## Exercise prompt
Give the data below again exactly as it stands. Omit the pictures.
*** Given entries Section Begins ***
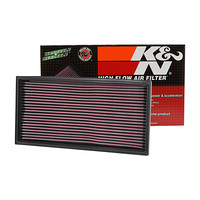 K&N美国高流量可清洗重复使用空气滤清器适用于S40 33-2763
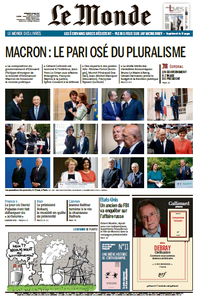 Le Monde du Vendredi 19 Mai 2017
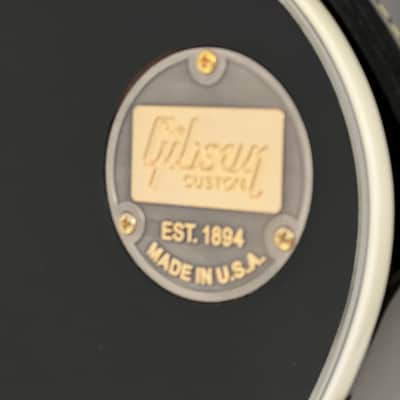 Gibson Les Paul Custom Ebony 2015 image 4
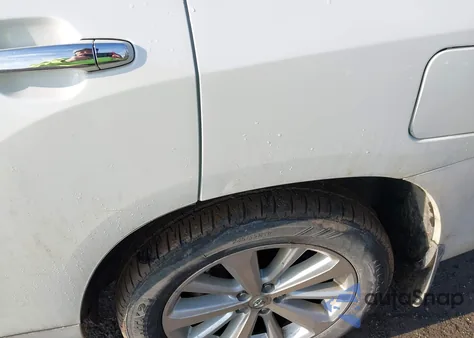 2009 Toyota Highlander Hybrid Limited from USA, damaged, VIN JTEEW44A292035294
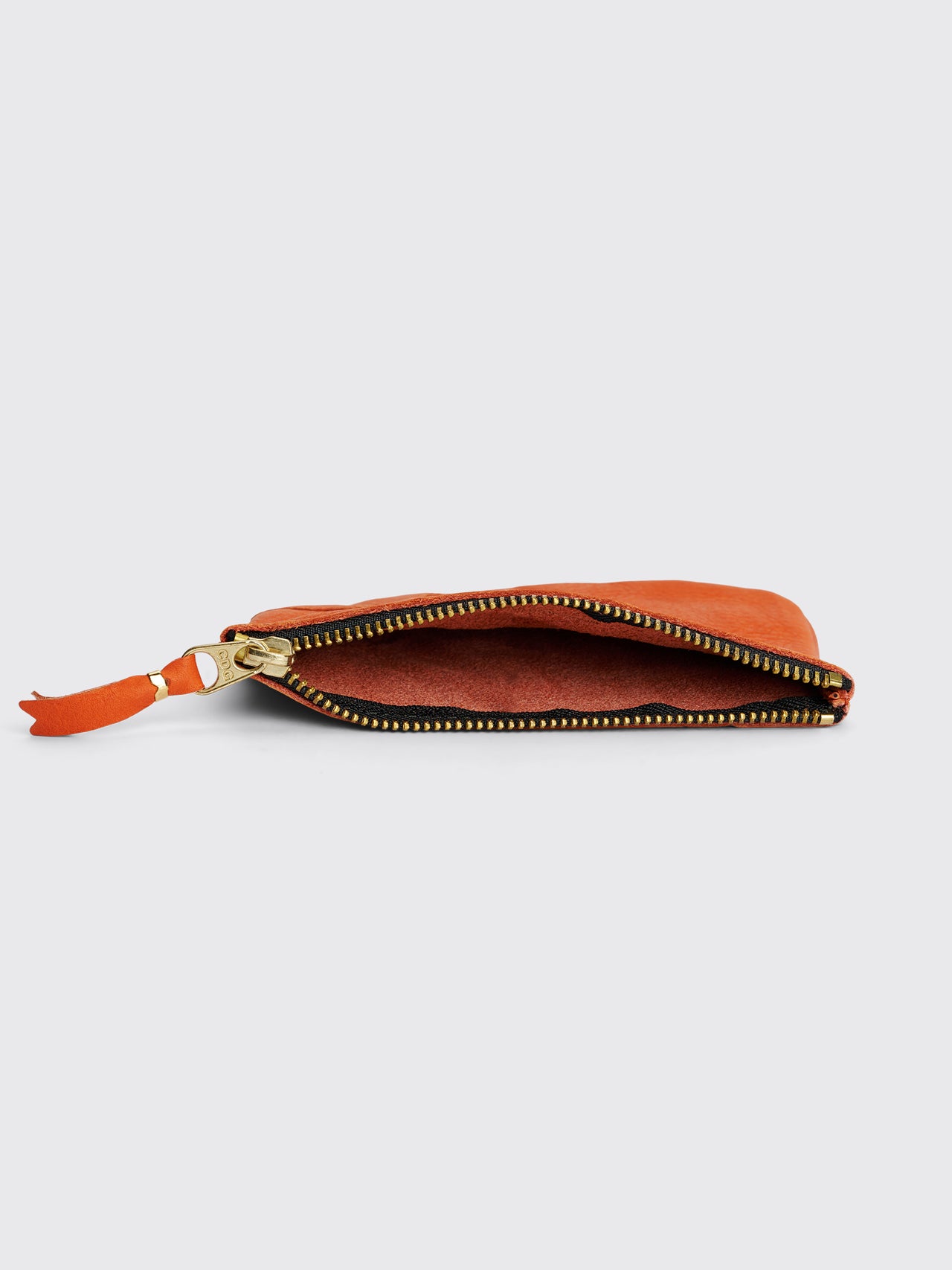 Comme des Garçons Wallet SA8100 Washed Burnt Orange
*** Given entries Section Ends ***
## Exercise response
 K&N美国高流量可清洗重复使用空气滤清器适用于S40 33-2763
 Le Monde du Vendredi 19 Mai 2017
 Gibson Les Paul Custom Ebony 2015 image 4
 2009 Toyota Highlander Hybrid Limited from USA, damaged, VIN JTEEW44A292035294
 Comme des Garçons Wallet SA8100 Washed Burnt Orange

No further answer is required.